METHODS: This national cross-sectional survey (15 February to 30 May 2024) used an anonymous online questionnaire distributed to 94 chief physicians of obstetric departments and 481 private-practice gynaecologists via e-mail, as well as through newsletters and social media channels of the Swiss Society of Gynaecology and Obstetrics in German, French and Italian. Chief physicians were contacted through the Chief Physicians’ Conference e-mail list and asked to share the survey with their medical teams. Private-practice gynaecologists were reached via practice e-mail addresses obtained through the authors’ personal networks and a clinic internal directory, as no centralised registry exists. Eligible participants were those actively involved in obstetrics or pregnancy care. The primary outcomes were duration and timing of tocolysis. Data is shown for the overall cohort and stratified by physician group (hospital, private-practice and attending physicians). The estimated response rate among specialists was 13% overall, with higher participation by hospital physicians (25%) and lower participation by private-practice physicians (8%).

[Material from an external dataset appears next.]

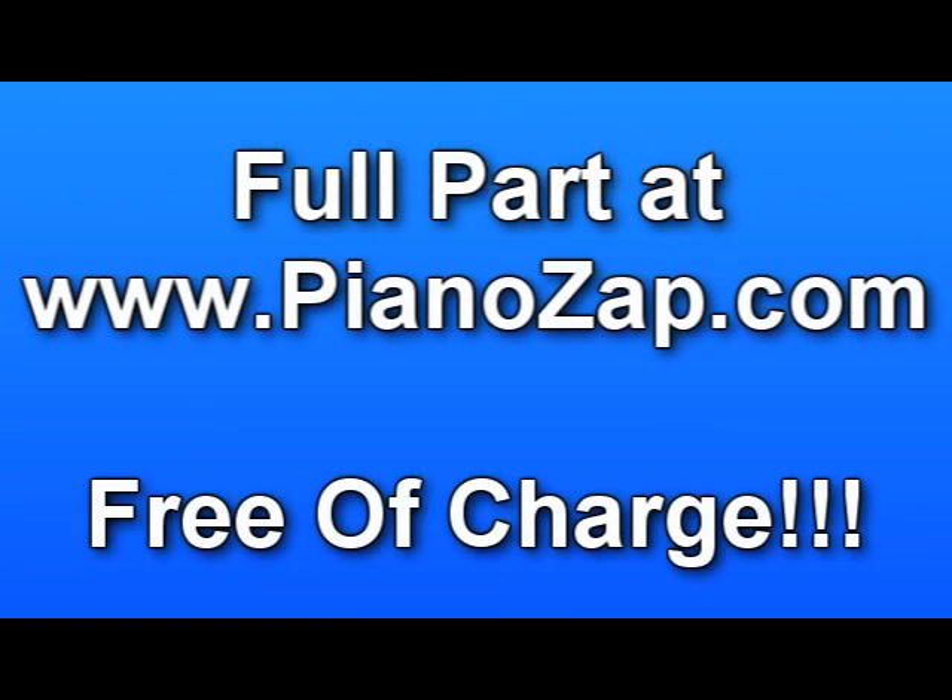You can find the full version free of charge at PianoZap.com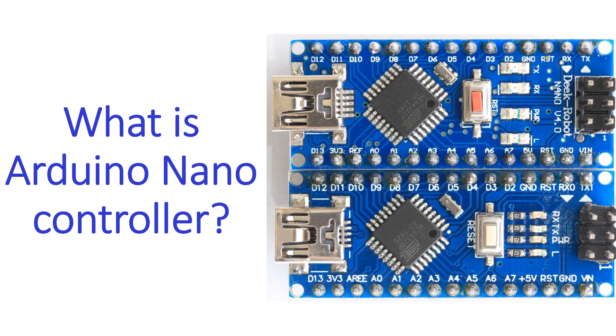The operating voltage is 5V and input voltage can vary from 7 to 12V as per the Arduino website. It has a flash memory of 32 KB and a clock speed of 16 MHz. It can communicate with a computer, another Arduino, and other microcontrollers. There are 8 analog in pins and 22 digital IO pins.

RESULTS: A total of 319 obstetricians participated in the survey (201 hospital, 68 private-practice and 50 attending physicians). Maintenance tocolysis was still practiced by 54% of survey participants. While 80% of the respondents adhered to international/national guidelines by limiting tocolysis to 34 weeks of gestation, 20% reported administering tocolytics beyond this point. Tocolysis was primarily used in cases of preterm labour; in contrast, its use in premature preterm rupture of membranes without contractions was limited, with most physicians administering it only during antenatal corticosteroid treatment administration. Furthermore, similarities were observed among physician groups in prioritising indications and contraindications for tocolysis, but variations existed in the use of tocolytics in special situations (e.g. high-risk pregnancies or cervical cerclage).
CONCLUSION: Most participating Swiss obstetricians adhere to existing guidelines for preterm birth management, but discrepancies remain – particularly regarding tocolysis for longer than 48 hours and after 34 weeks of gestation. Enhanced education and improved implementation strategies are needed to bridge gaps and promote a more unified approach in line with current evidence.